Labour voted for a Brexit deal this week. That the alleged party of the working class has finally given up on obstructing something millions of working-class people voted for is, I suppose, progress – not least given Labour leader Keir Starmer was a chief architect of his party’s disastrous second-referendum policy at the last election. You could say he’s finally listening. But at the close of 2020, working-class voters remain unimpressed.

Recent polling reminds us of the remarkable political realignment of the past five years – the shift of the working class towards the Tories and the middle class towards Labour. According to YouGov’s most recent voting-intention survey, Labour has the support of 46 per cent of middle-class (ABC1) voters, while the Tories are on 34 per cent. Among the working class (C2DE), the Tories lead Labour 42 per cent to 34 per cent.

After the year of the pandemic, it is easy to forget how seismic the 2019 election was. Labour didn’t just lose, it lost its soul – the so-called ‘Red Wall’ seats in the Midlands, the north and Wales that it was essentially set up to represent. Constituencies that had never voted Tory before, including those in areas roiled by the Miners’ Strike, turned blue. The combination of Brexit and Jeremy Corbyn transformed the electoral map.

The election of Starmer as leader in April might have wooed Westminster. His ‘forensic’ performances at PMQs worked lobby journalists up into something approaching erotic excitement. The government’s bungling of the pandemic has given him open goal after open goal. But though the Labour Party has recovered in the opinion polls, going from about 16 points behind to neck and neck with the Tories, it hasn’t recovered among the working class.
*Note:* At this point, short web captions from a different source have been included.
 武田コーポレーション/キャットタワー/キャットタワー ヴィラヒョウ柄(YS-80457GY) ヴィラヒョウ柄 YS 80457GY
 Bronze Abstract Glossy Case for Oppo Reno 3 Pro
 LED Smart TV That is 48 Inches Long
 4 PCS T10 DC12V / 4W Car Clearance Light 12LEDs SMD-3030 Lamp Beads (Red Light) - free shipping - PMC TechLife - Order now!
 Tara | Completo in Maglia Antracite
According to Sir John Curtice, the UK’s top pollster, Labour’s recovery has been built on Remainers and the middle class. ‘Although we may be back to competitive politics between Conservative and Labour’, he told Times Radio recently, ‘we’re not back to the politics that we’re used to in which we tend to think of the Conservatives as the party of the middle class and Labour as the party of the working class — those roles at the moment are reversed’.
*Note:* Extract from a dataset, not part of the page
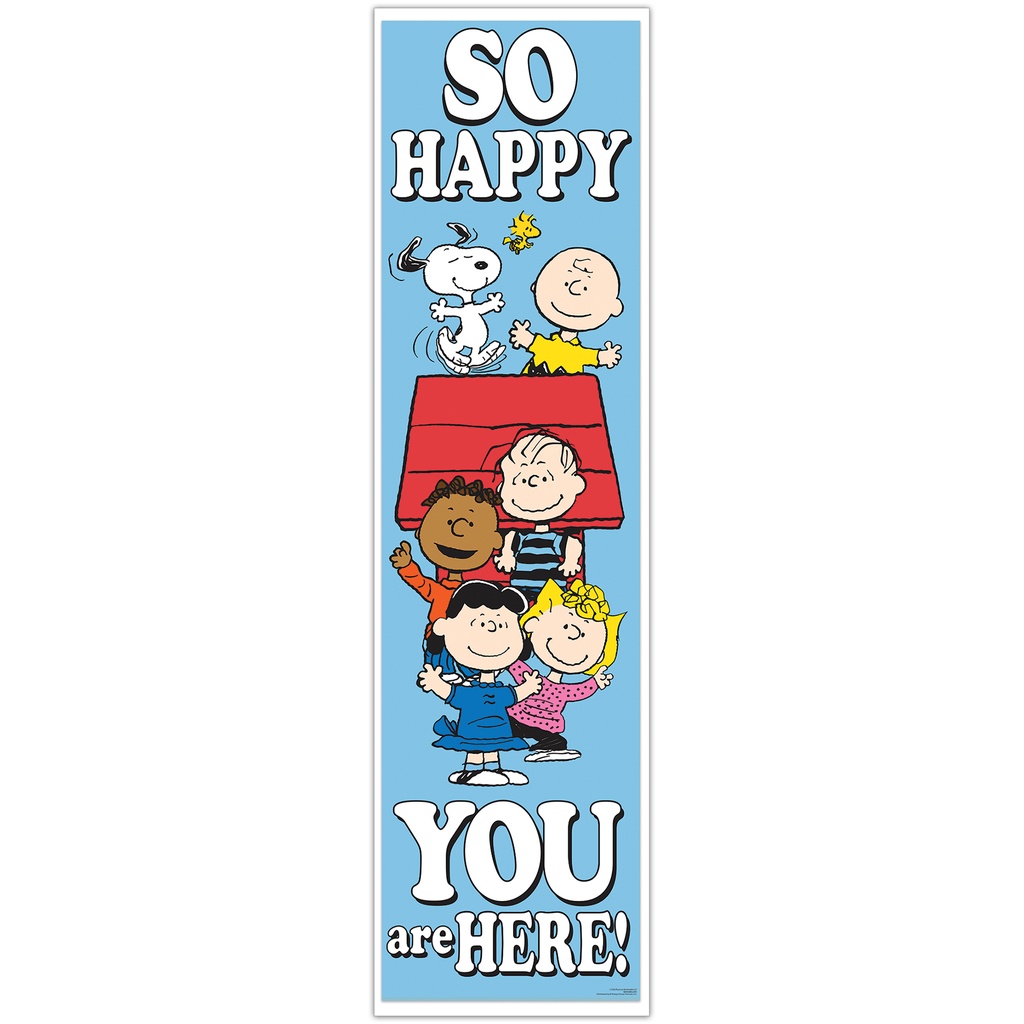 Peanuts So Glad You Are Here! Banners  Vertical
Keir Starmer’s mission this year was to prove that the Labour Party was ‘under new management’. His decision not to return the whip to Jeremy Corbyn, after Corbyn downplayed the poisonous anti-Semitism in the party, was his most explosive attempt to make this point. But it seems that whether it is the Corbynite left or Starmerite right leading the Labour Party, working-class voters continue to look elsewhere.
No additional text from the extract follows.